As a woman, I found it extremely affirming. Remember, this was still a time when women's liberation seemed to assume that women had to "match" men in every possible way. But now there was a strong, affirming, positive and utterly beautiful teaching that put the discussion into entirely different terms. The Church's "instinctive" rejection of artificial contraception made perfect sense in this context (not that the wisdom of Church teaching in this area hasn't been proven again and again even by the direction society has taken in the last almost 40 years since Humanae Vitae, the document which awkwardly, but rightly, affirmed the Church's stance).
So the Theology of the Body has pretty formed my interpretive key for things related to women's issues, marriage and celibacy. And I am always mystified by Catholics (and here I mean the well-informed ones) who do not even bother to take the Pope's message seriously. What's with them? Do they not want to believe that the wider culture needs to be evangelized? Do they not want to hear an alternative voice in these areas so linked to our human experience of happiness and fulfillment? Once I went to a catechetical conference at which one of the workshops was devoted to moral issues. The speaker, a priest, could have been on Planned Parenthood's payroll. Isn't it enough for Planned Parenthood to be using its multi-million dollar (if not billion dollar) budget to spread that message? Doesn't the world--heck, don't our catechists--deserve to hear something else, something that just may be inspired by the Gospel?

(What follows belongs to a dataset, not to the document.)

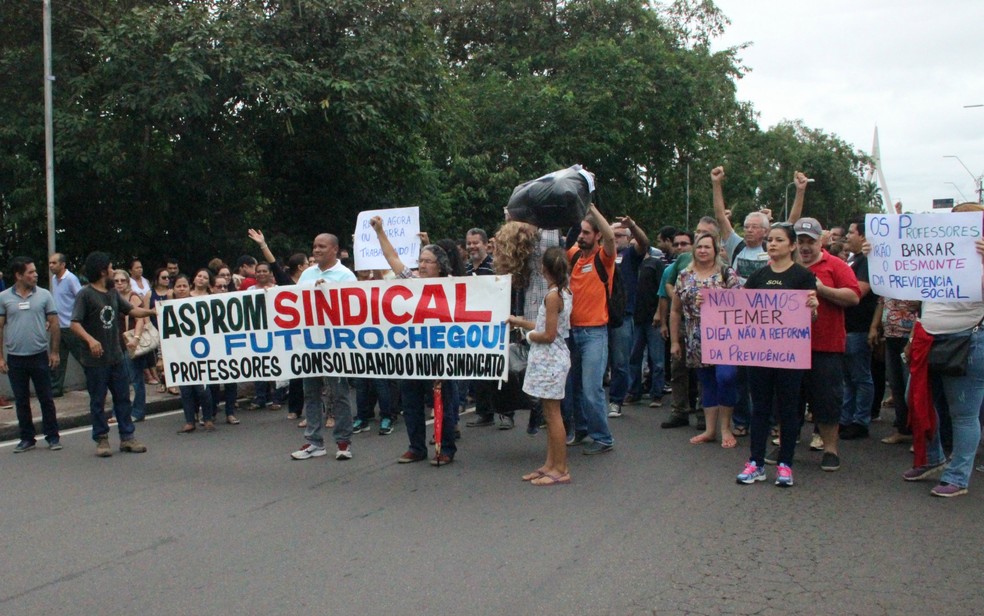 Professores ocuparam duas faixas da Avenida Brasil durante a manifestação em frente à Sede do Governo do Amazonas (Foto: Suelen Gonçalves/ G1 AM)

Theology of the Body is perhaps the first theological approach to making the Trinity more than an abstract, if holy, doctrine. In the Theology of the Body, the Trinity becomes the full vision of our vocation as persons. We are called to live Trinitarian life in a human key. And for the first time in theology, our bodies have something very essential to do with our human imaging of the Trinity.
Somebody tell the world: this is remarkable!